- What you will do -
Look at the entries below and restate word for word the lines from the first through the one that has "Cute Cartoon 3D".

::::

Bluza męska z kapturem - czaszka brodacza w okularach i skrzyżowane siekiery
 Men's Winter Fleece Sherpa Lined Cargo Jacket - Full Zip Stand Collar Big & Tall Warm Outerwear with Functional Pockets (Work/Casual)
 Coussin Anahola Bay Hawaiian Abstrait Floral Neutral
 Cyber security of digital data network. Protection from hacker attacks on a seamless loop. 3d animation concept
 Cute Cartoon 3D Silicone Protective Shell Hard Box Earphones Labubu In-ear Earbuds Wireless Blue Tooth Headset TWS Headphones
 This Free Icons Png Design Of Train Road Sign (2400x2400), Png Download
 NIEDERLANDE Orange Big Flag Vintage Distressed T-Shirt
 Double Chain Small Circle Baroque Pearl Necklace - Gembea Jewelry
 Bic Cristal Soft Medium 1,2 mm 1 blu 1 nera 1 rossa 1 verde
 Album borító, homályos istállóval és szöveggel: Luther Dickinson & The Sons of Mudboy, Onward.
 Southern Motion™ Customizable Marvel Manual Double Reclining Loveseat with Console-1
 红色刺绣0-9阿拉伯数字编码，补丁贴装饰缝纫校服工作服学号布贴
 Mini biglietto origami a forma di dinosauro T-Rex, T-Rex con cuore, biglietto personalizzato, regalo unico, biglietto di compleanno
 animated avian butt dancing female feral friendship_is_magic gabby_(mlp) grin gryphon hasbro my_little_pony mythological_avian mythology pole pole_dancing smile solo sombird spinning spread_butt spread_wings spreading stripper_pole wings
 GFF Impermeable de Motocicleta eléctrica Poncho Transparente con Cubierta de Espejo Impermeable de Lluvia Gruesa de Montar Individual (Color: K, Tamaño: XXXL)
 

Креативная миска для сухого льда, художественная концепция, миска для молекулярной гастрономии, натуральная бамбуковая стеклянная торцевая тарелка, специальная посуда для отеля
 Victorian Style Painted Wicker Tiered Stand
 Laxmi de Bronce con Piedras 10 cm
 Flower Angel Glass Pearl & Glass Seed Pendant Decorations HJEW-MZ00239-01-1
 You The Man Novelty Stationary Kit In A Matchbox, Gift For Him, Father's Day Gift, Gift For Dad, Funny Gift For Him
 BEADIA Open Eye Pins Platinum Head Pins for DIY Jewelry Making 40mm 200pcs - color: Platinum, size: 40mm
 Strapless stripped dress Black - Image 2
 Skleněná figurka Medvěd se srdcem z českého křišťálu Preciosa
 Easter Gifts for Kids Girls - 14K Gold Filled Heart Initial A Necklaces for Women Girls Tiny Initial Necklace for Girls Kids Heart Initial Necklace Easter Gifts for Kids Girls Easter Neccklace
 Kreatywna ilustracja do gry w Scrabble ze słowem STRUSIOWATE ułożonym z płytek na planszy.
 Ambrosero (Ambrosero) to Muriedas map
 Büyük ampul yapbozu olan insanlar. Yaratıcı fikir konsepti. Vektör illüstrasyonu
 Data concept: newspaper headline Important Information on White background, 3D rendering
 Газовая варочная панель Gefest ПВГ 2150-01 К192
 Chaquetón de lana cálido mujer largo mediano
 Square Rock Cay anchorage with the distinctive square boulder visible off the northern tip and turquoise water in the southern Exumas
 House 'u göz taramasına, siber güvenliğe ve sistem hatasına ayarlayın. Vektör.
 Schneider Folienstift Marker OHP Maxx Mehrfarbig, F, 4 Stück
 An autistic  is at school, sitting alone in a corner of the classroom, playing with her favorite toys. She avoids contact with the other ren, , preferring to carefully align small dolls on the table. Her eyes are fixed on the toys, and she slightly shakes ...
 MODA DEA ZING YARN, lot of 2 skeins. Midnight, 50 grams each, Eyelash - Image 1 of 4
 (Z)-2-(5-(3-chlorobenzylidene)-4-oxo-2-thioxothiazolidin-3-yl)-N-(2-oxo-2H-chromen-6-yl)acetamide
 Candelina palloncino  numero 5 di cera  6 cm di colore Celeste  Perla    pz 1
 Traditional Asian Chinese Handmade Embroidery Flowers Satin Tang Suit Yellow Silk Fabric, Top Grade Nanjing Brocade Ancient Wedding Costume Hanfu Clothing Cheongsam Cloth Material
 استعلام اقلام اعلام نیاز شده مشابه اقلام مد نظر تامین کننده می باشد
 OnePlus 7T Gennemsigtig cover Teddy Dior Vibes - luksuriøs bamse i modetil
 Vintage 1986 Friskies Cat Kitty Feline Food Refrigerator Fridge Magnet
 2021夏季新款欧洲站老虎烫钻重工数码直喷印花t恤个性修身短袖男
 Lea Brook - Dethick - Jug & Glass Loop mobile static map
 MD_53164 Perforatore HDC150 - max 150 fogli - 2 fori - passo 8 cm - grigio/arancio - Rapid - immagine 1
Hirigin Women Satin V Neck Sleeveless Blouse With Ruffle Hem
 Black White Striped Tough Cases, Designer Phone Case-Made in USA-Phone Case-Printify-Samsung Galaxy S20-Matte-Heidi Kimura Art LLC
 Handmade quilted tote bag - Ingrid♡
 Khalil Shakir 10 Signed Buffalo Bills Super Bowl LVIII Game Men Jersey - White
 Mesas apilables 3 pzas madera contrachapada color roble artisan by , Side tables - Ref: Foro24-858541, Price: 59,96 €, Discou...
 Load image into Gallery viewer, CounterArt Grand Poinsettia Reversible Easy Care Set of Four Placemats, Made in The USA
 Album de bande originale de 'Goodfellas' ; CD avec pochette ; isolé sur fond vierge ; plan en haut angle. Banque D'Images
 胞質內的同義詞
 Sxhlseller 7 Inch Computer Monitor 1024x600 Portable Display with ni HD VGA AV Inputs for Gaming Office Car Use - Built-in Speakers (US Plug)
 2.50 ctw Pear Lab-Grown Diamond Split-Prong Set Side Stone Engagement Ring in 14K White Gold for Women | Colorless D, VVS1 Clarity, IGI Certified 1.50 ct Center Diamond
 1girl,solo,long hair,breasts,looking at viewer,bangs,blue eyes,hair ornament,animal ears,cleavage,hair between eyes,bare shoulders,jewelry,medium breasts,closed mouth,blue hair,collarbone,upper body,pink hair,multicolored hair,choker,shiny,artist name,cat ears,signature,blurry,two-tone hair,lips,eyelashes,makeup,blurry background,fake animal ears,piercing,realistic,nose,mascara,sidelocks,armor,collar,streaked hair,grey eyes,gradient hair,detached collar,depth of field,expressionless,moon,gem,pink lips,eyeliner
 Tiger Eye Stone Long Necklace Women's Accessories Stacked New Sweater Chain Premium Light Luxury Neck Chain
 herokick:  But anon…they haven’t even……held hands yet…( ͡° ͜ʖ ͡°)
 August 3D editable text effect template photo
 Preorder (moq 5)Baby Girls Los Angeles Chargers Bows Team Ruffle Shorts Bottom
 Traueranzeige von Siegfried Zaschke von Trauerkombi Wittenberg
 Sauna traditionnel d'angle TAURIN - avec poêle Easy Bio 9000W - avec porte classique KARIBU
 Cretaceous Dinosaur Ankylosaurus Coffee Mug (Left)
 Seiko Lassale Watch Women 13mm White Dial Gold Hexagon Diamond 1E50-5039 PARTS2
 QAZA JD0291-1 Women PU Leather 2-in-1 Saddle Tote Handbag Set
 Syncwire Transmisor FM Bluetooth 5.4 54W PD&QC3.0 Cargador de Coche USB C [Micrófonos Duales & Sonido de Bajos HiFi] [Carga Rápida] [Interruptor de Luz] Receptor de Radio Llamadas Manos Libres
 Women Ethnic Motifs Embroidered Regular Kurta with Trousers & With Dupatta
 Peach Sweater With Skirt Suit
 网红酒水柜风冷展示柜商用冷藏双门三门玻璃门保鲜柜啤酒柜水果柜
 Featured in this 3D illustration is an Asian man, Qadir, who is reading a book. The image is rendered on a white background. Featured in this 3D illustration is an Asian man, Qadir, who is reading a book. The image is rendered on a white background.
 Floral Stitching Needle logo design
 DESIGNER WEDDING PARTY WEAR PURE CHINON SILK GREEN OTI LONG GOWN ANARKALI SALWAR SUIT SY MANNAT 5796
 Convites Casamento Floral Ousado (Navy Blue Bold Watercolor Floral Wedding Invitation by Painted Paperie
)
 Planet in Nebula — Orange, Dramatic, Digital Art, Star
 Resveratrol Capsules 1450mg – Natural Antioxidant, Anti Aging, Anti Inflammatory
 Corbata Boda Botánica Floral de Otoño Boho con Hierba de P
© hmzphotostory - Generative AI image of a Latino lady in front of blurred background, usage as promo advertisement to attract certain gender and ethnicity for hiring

::::

- Response for this exercise -
Bluza męska z kapturem - czaszka brodacza w okularach i skrzyżowane siekiery
 Men's Winter Fleece Sherpa Lined Cargo Jacket - Full Zip Stand Collar Big & Tall Warm Outerwear with Functional Pockets (Work/Casual)
 Coussin Anahola Bay Hawaiian Abstrait Floral Neutral
 Cyber security of digital data network. Protection from hacker attacks on a seamless loop. 3d animation concept
 Cute Cartoon 3D Silicone Protective Shell Hard Box Earphones Labubu In-ear Earbuds Wireless Blue Tooth Headset TWS Headphones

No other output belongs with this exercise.